Coverups and criminality

It’s really amusing that Texas State GOP Chair Sarah Weddington told her colleagues to use phrases like “on the lam” when describing the Killer D’s walkout because it connotes “criminal wrongdoing”, especially given that the justification being bandied about by the Texas Department of Public Safety for destroying all records having to do with the search for the Killer D’s is that it was not a criminal matter.

DPS spokeswoman Tela Mange said the agency acted appropriately in destroying the records because federal law mandates that law enforcement agencies cannot keep intelligence information on individuals who are not suspected of a crime. The missing lawmakers were not accused of any crimes.

Which leads to a question that Josh Marshall asked:

Does this regulation even exist? In each of the stories I’ve read this evening, the writer passes on that claim without any comment giving the reader a clue as to whether it has any validity.

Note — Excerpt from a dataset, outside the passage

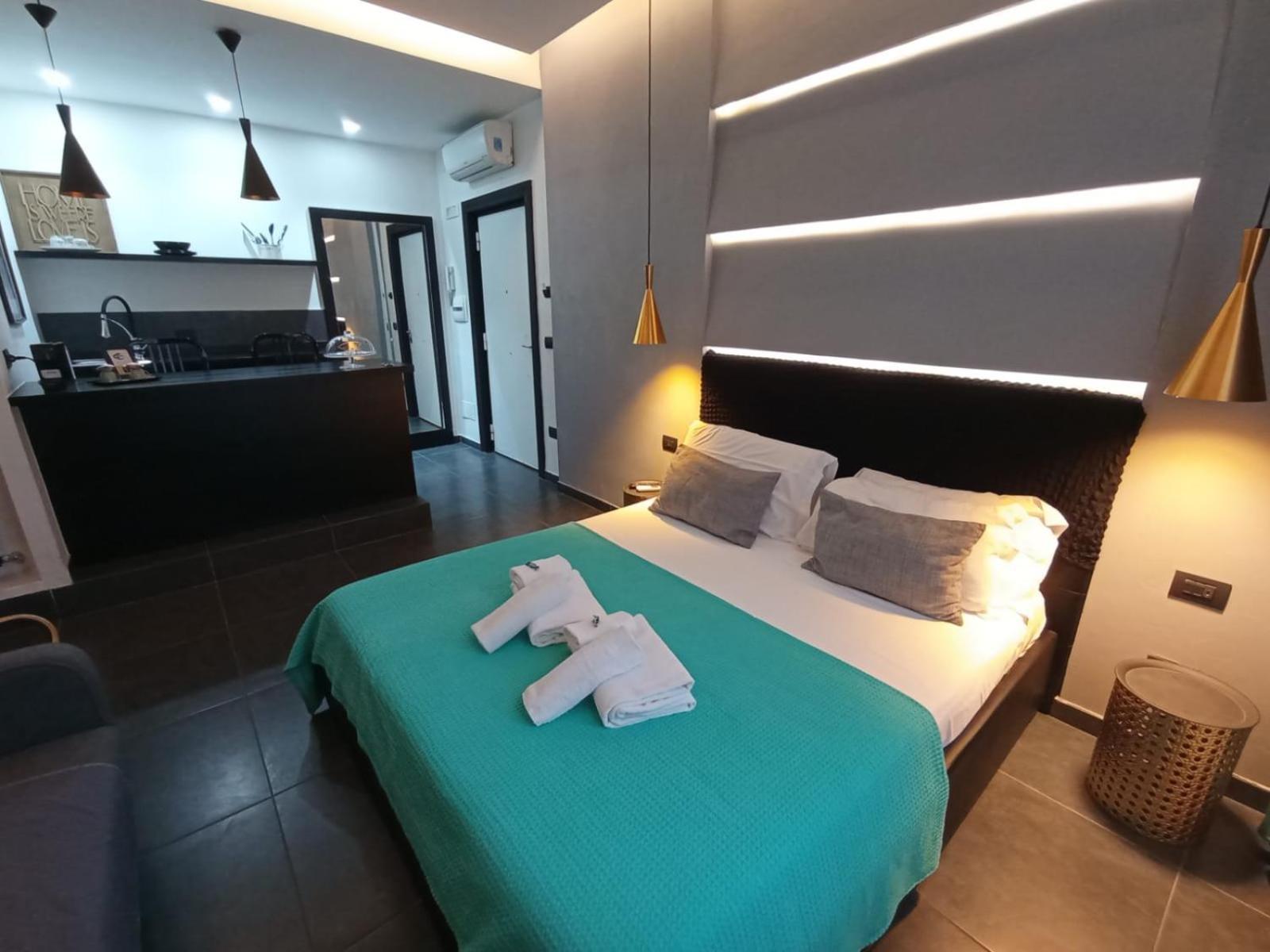 Muni Boutique Flat By Babylon Stay Napoli Bagian luar foto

Is there really a federal regulation stipulating that nothing that police agencies compile — pictures, notes, phone logs, anything — can be kept unless it pertains to a specific criminal investigation? I find it really hard to believe that such a sweeping regulation exists. Now, mind you, my question is not purely rhetorical. I have certainly asked such questions before, with great incredulity, only to find out that yes, believe it or not, the answer is ‘yes.’ It just doesn’t sound true to me, though — and I think the failure to mention any specific regulation and the, shall we say, diminishing credibility of the source [DPS] makes me think so even more.

If this “regulation” does in fact exist, it isn’t used all that much:

It also was not immediately revealed today whether the DPS had ever before destroyed documents under the federal regulations it cited in its prepared statement.

I’m finding it harder and harder to not lapse into Dana Carvey mode and make with the “How Conveeeeenient” asides, let me tell you.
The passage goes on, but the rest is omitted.